The flag that is flown in Animal Farm is first introduced in chapter three. This inaugural flying represents the life the animals dreamed about while toiling under the abusive human rule. The flag is raised prior to the first meeting of the animals. At these meetings "resolutions were put forward and debated." Ironically, "it was always the pigs who put forward the resolutions." This seemingly minor detail is important because it foreshadows what will happen to the animals' utopia.
This flag is significant and symbolic in a number of ways. The flag represents the Animal Farm: a land ruled by animals for animals. The flag is made of "an old green tablecloth of Mrs. Jones's and had painted on it a hoof and a horn in white" (Chapter 3). The composition of the flag is symbolic as well. The narrator describes the flag in detail in chapter three:
The flag was green, Snowball explained, to represent the green fields of England, while the hoof and horn signified the future Republic of the Animals which would arise when the human race had been finally overthrown.

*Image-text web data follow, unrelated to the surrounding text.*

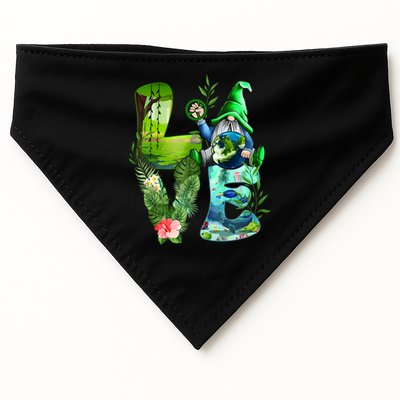 Love Earth Day Gnome Save Our Planet Environtal April 22 Gift USA-Made Doggie Bandana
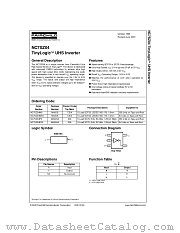 NC7SZ04P5 datasheet pdf Fairchild Semiconductor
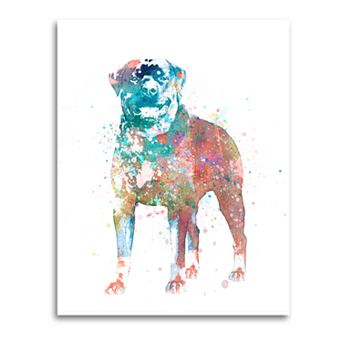 Rottweiler Watercolor Dog Wall Art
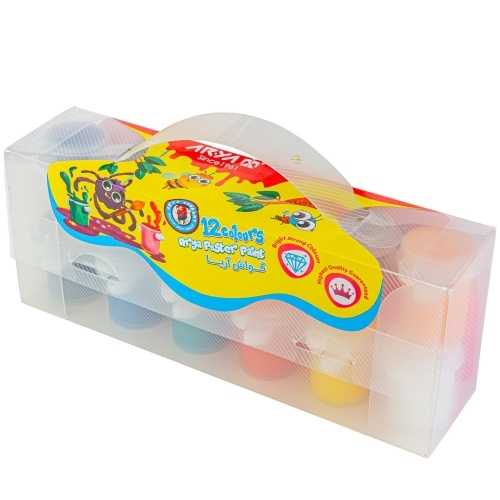  گواش ۱۲ رنگ مدل پیوسته بزرگ آریا بوک کلاب ایران4 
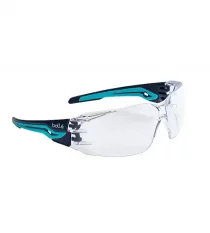 Ochranné pracovné okuliare Bollé SILEX, číre, modré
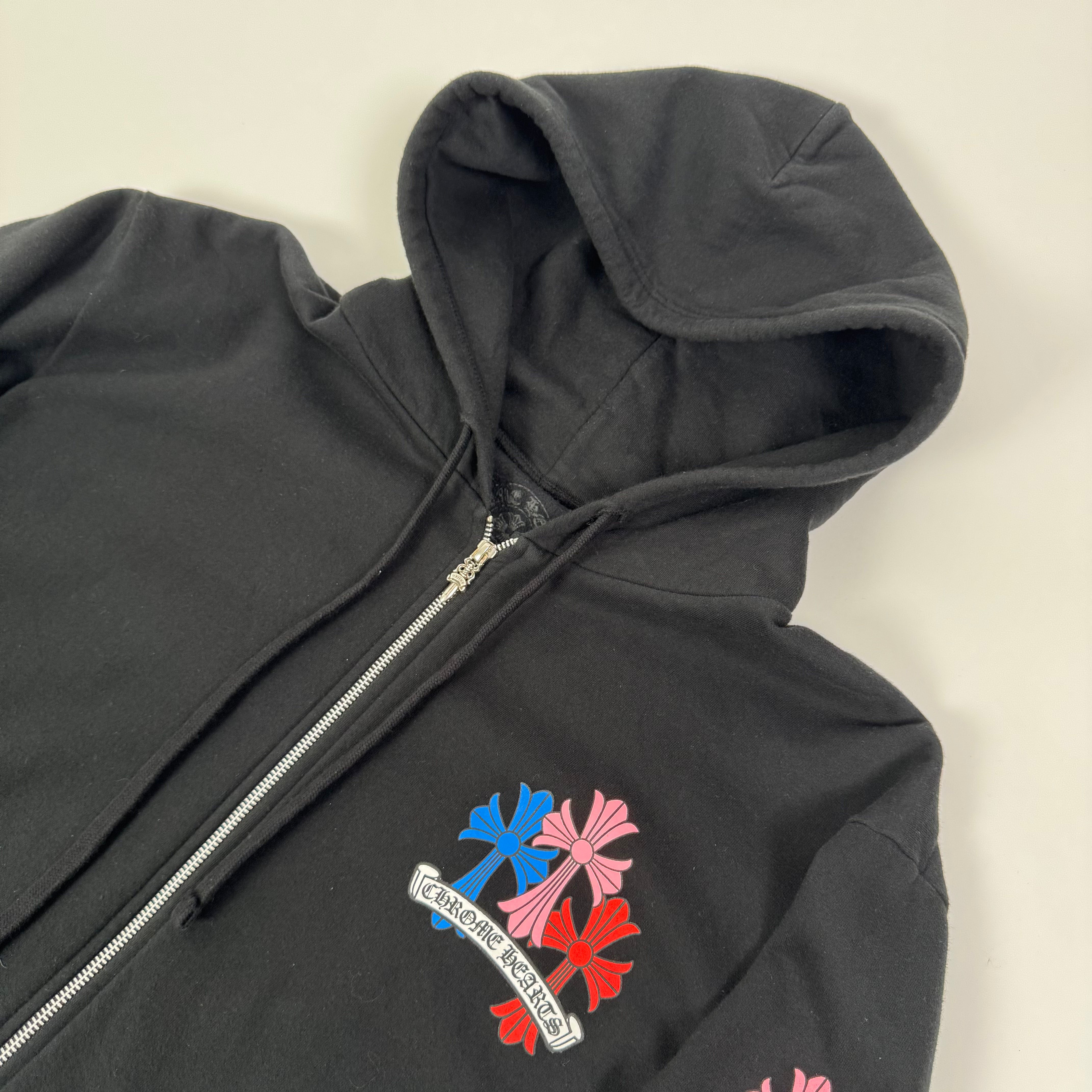 Chrome Hearts Multi Color Cross Zip-Hoodie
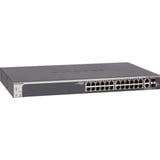 Netgear 24-Port Gigabit Smart Switch GS728TX grau, inkl. 1 Jahres Abonnement von Insight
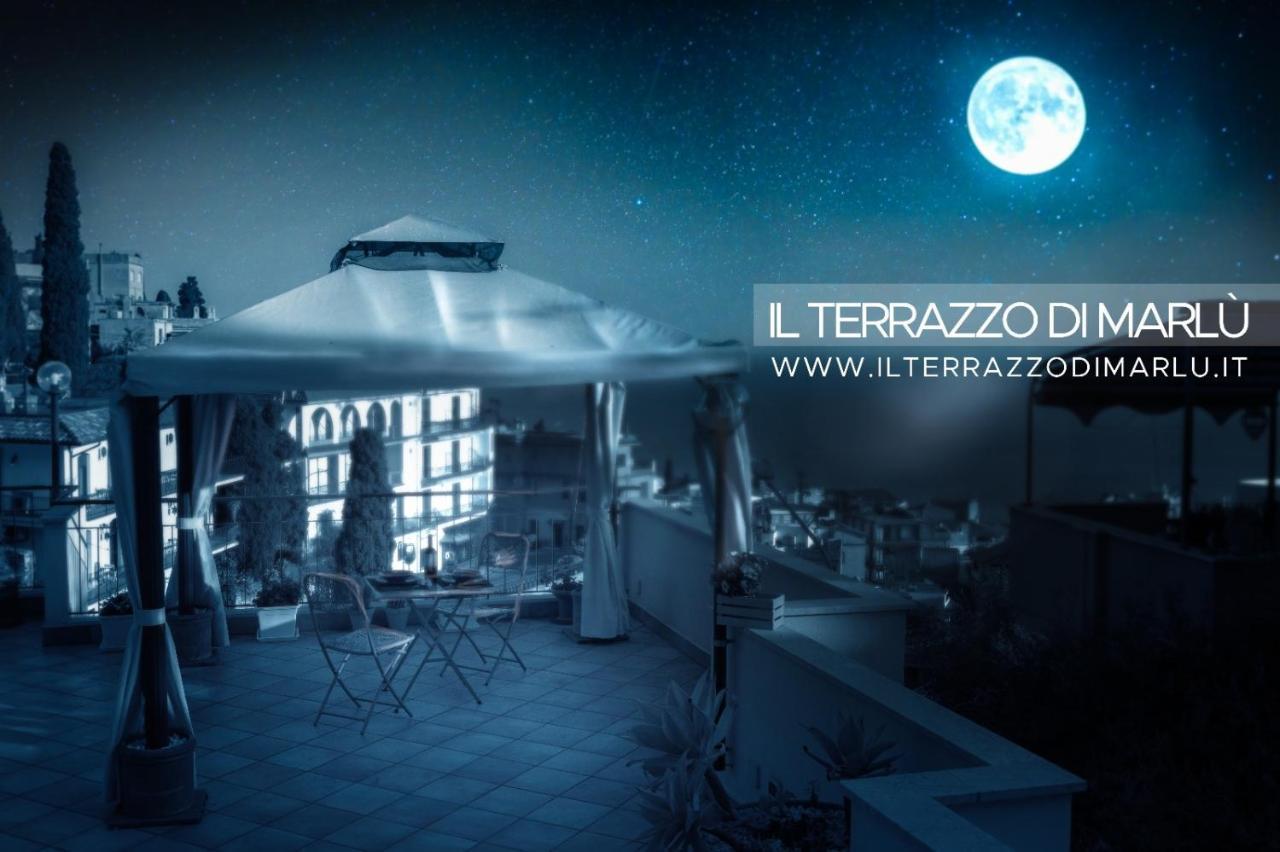 陶尔米纳Il Terrazzo Di Marlu别墅 外观 照片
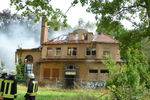 14.08.2011: Gebäude in Flammen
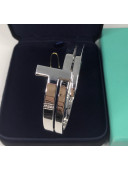 Tiffany & Co. Crystal Square Wrap Bracelet Silver 2020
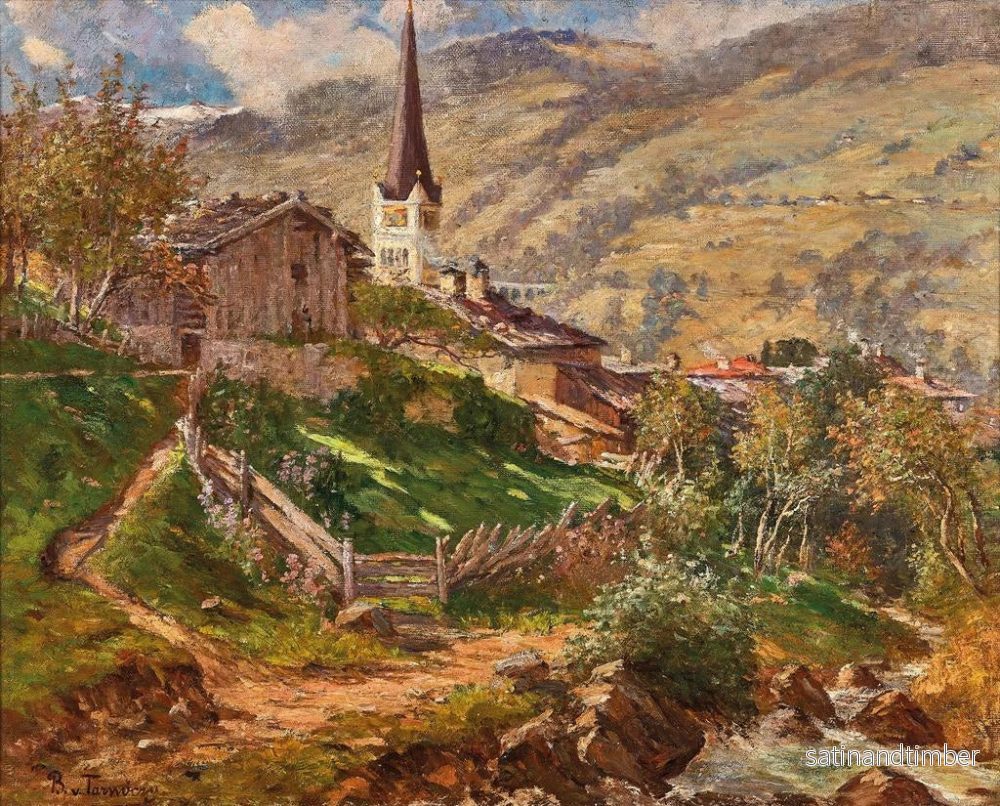 Reproduktion av målningen En vy över Bad Hofgastein - Bertha von Tarnoczy - Bild 2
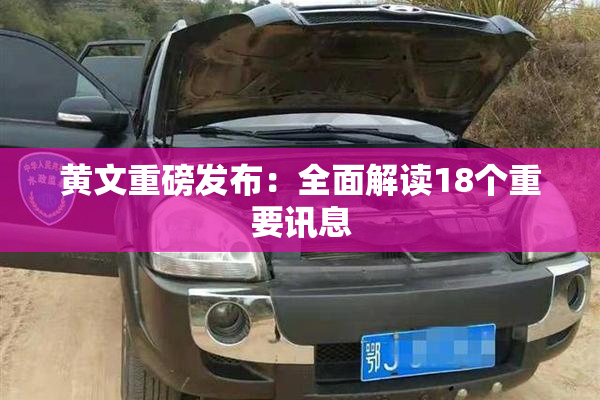 黄文重磅发布：全面解读18个重要讯息
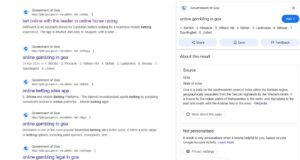Scammers plant online betting ads on Goa govt websites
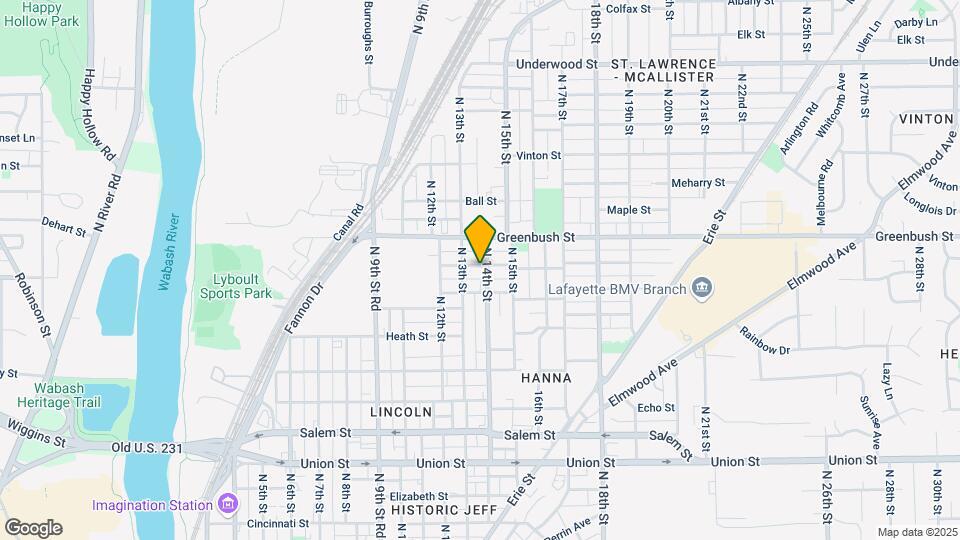 1315 Morton St Mapa y Detalles de la Ubicación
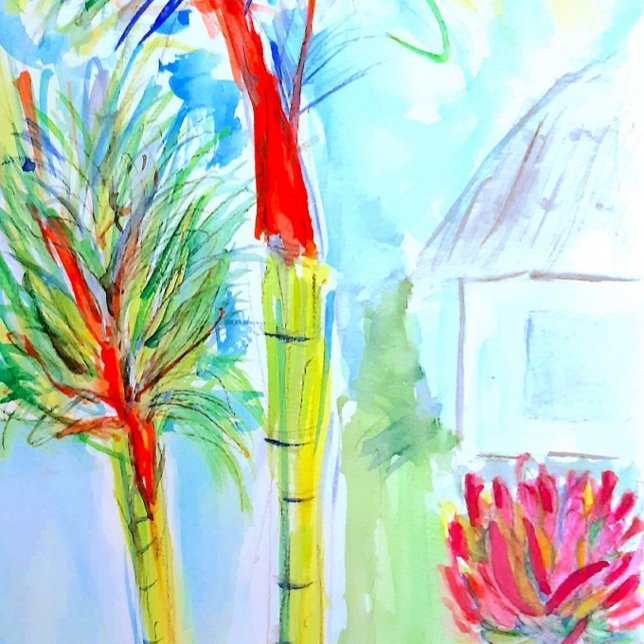 Tropical Palm Schürze von Areiella & Lily Designs (Von Creator hochgeladen)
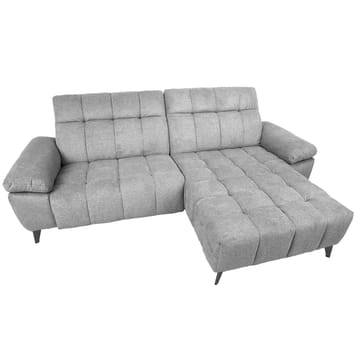 Hjørnesofa HOME4YOU Luzern elektrisk recliner Lys grå Høyre hjørne - lysegrå - Møbler - Sofaer - Reclinersofaer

At the end of the novella, the animals' dream of a utopian society is destroyed. The pigs have taken over rule of the farm and abandoned the ideals of Animalism. The animals no longer hoist the flag or hold general assemblies. Under the pigs' rule the animals are worked harder and treated worse than they were while under human rule. The flag that once symbolized revolution and change is now forgotten. In the final chapter, the animals on the farm watch the pigs and humans have a meal in the farmhouse and realize
with a start that, as they look around the room of the farmhouse, they can no longer distinguish which of the cardplayers are pigs and which are human beings (Chapter 10).